(Dataset items)
________________
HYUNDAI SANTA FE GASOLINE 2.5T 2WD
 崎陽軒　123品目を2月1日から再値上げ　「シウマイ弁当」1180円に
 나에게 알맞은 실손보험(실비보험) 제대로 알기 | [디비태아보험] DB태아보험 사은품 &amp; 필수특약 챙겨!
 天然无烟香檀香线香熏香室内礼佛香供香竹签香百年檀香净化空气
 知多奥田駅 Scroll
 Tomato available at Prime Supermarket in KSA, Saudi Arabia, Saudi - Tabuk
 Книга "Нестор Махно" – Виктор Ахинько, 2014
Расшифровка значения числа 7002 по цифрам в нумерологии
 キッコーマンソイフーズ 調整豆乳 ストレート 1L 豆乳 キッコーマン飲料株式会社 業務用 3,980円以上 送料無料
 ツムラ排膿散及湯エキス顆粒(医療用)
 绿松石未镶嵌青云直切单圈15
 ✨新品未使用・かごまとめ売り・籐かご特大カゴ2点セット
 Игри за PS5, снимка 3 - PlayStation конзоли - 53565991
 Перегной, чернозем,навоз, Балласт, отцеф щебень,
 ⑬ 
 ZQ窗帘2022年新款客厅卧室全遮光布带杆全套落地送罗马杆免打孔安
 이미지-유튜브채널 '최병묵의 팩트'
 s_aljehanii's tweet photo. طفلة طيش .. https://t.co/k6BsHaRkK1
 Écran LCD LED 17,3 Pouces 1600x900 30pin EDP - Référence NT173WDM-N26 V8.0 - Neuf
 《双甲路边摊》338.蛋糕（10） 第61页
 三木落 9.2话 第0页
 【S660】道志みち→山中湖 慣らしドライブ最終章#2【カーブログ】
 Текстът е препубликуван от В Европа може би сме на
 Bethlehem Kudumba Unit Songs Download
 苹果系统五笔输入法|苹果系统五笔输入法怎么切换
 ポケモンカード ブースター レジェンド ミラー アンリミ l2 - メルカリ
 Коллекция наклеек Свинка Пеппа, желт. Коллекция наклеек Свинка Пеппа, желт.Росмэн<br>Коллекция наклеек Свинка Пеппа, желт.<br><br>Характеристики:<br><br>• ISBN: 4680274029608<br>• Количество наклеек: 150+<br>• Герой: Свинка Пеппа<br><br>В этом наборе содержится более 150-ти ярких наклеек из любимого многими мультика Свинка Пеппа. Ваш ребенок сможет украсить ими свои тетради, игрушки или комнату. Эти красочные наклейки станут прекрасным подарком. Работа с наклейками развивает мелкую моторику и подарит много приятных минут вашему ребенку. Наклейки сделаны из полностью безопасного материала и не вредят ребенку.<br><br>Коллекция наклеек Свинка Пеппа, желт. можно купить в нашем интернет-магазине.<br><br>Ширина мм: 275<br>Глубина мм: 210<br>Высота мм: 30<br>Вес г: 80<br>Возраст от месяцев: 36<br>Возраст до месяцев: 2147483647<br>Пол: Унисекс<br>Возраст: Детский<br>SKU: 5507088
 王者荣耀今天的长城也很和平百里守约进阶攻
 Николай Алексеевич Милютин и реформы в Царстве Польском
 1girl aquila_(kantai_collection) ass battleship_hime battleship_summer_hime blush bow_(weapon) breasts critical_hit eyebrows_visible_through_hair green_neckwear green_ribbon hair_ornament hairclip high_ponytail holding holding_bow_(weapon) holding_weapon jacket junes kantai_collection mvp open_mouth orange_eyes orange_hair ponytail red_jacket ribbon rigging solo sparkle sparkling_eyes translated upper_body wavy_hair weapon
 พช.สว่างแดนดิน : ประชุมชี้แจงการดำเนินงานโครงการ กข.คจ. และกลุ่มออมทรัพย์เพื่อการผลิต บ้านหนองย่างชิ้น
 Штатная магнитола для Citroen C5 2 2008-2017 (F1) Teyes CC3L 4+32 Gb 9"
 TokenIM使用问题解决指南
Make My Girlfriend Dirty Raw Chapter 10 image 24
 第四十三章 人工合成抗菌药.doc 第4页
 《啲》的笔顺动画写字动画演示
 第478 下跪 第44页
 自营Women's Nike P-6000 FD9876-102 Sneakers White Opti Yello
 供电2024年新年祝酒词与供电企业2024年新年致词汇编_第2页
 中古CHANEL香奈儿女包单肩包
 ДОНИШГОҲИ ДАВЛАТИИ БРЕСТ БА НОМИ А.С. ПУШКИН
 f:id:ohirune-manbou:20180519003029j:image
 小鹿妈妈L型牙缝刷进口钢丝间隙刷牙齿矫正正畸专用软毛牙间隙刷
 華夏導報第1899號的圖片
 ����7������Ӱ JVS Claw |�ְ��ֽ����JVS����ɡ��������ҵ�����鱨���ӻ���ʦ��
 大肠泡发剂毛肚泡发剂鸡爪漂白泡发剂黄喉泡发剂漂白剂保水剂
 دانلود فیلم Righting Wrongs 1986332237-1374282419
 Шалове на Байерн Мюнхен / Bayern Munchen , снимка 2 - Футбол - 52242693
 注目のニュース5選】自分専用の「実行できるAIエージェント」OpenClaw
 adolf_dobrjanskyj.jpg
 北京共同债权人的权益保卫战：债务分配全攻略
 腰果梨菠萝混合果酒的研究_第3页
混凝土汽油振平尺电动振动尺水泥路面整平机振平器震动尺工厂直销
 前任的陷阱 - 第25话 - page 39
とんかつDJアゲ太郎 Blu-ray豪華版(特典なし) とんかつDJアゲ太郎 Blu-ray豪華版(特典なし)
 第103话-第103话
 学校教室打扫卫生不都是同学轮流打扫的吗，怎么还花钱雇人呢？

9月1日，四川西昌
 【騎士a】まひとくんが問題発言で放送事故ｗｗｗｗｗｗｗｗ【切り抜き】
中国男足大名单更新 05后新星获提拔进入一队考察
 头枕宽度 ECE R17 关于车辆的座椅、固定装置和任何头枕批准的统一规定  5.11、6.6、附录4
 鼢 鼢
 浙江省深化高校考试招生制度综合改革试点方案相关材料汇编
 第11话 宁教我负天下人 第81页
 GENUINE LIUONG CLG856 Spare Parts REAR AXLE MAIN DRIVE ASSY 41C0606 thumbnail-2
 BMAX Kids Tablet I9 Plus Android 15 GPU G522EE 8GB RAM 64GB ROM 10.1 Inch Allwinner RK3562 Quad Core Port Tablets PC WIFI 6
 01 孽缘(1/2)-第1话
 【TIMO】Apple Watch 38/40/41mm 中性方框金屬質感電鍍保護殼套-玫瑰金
________________
Problem:
After locating the line with "第103话-第103话", output that line and every later one exactly, through the end of the entries above.

Answer space:
 第103话-第103话
 学校教室打扫卫生不都是同学轮流打扫的吗，怎么还花钱雇人呢？

9月1日，四川西昌
 【騎士a】まひとくんが問題発言で放送事故ｗｗｗｗｗｗｗｗ【切り抜き】
中国男足大名单更新 05后新星获提拔进入一队考察
 头枕宽度 ECE R17 关于车辆的座椅、固定装置和任何头枕批准的统一规定  5.11、6.6、附录4
 鼢 鼢
 浙江省深化高校考试招生制度综合改革试点方案相关材料汇编
 第11话 宁教我负天下人 第81页
 GENUINE LIUONG CLG856 Spare Parts REAR AXLE MAIN DRIVE ASSY 41C0606 thumbnail-2
 BMAX Kids Tablet I9 Plus Android 15 GPU G522EE 8GB RAM 64GB ROM 10.1 Inch Allwinner RK3562 Quad Core Port Tablets PC WIFI 6
 01 孽缘(1/2)-第1话
 【TIMO】Apple Watch 38/40/41mm 中性方框金屬質感電鍍保護殼套-玫瑰金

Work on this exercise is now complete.